## Recorded data
────────────────
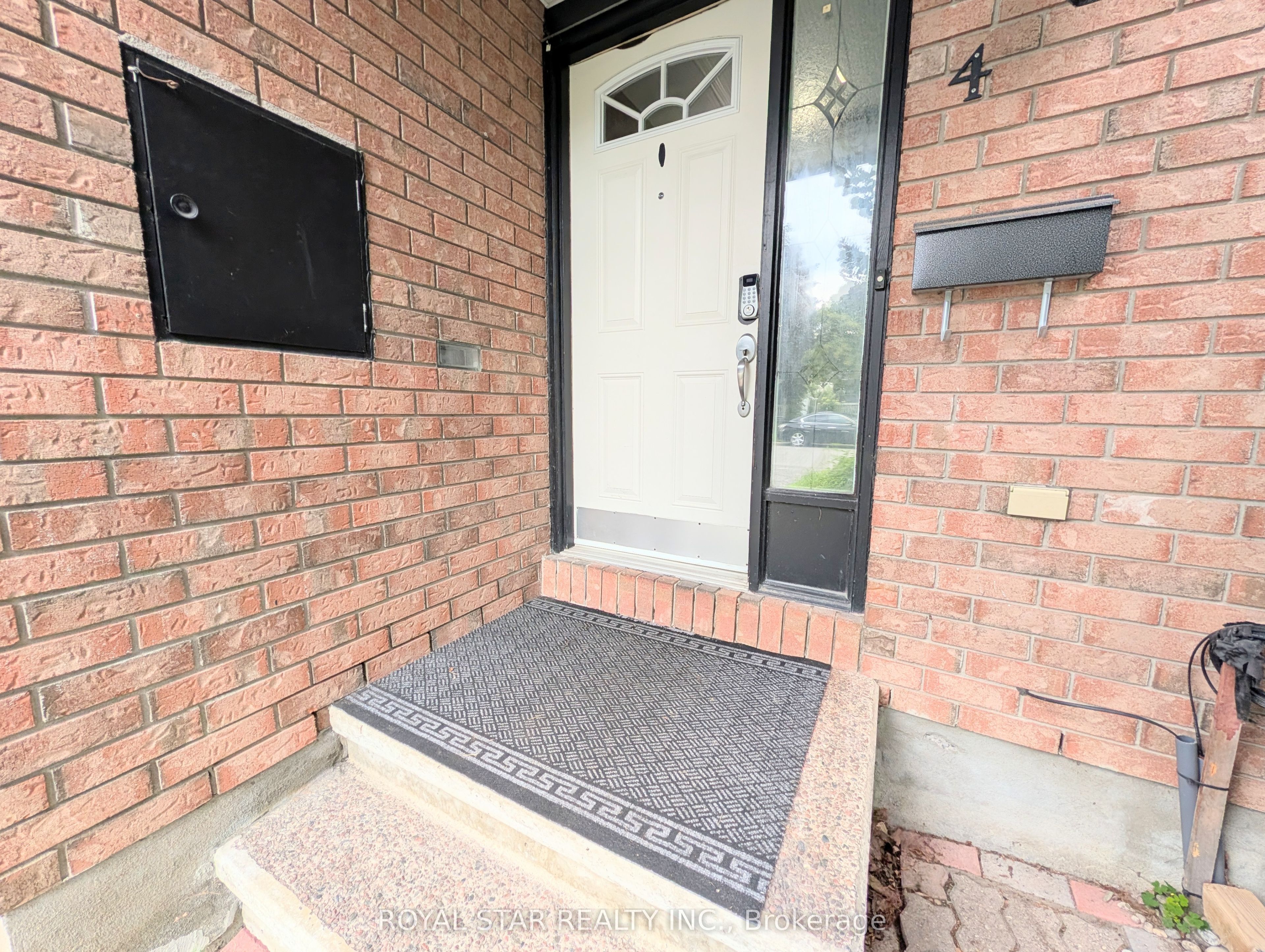 4 Alfa Street, Barrhaven, ON K2J 3S5 photo 3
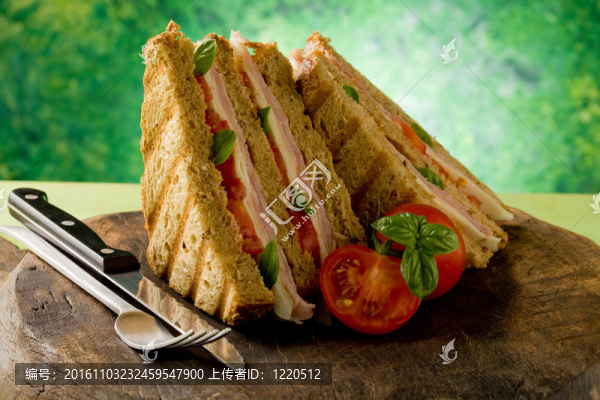 桌上美味的三明治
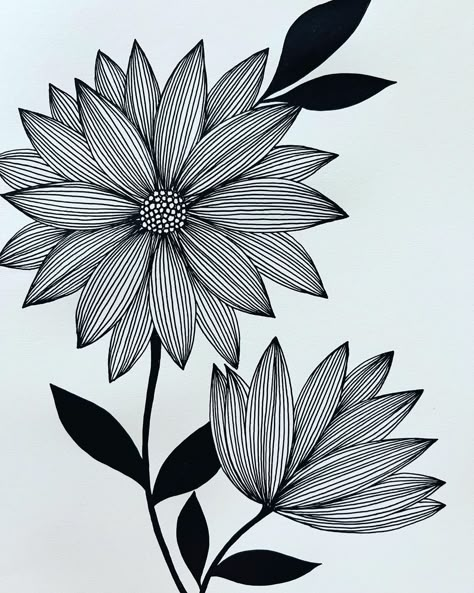 Black Pen Art Flowers, Mark Making Flowers, Flower Doodle Art Design, Fineliner Art Simple, Artline Drawing, Modele Zentangle, Linework Art, Flower Line Drawing, Fineliner Art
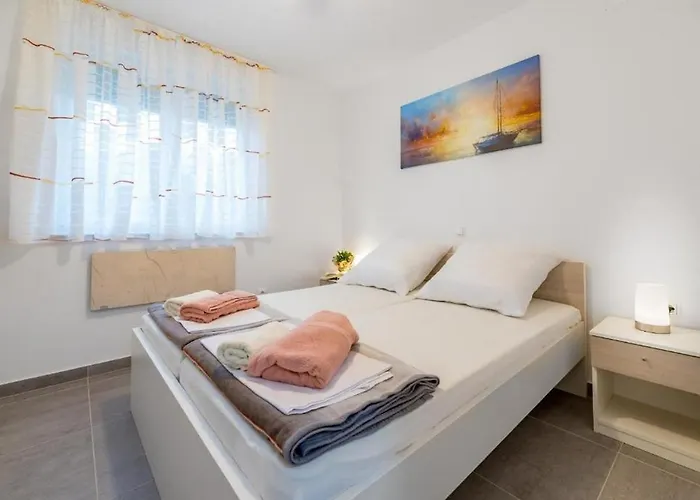 Appartement With Parking Space Baska, Krk - 22416 *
────────────────
## Your goal
Could you set down word for word each line from the one holding "Black Pen Art" through the end of the material above, without any pictures?

## Exercise output
 Black Pen Art Flowers, Mark Making Flowers, Flower Doodle Art Design, Fineliner Art Simple, Artline Drawing, Modele Zentangle, Linework Art, Flower Line Drawing, Fineliner Art
 Appartement With Parking Space Baska, Krk - 22416 *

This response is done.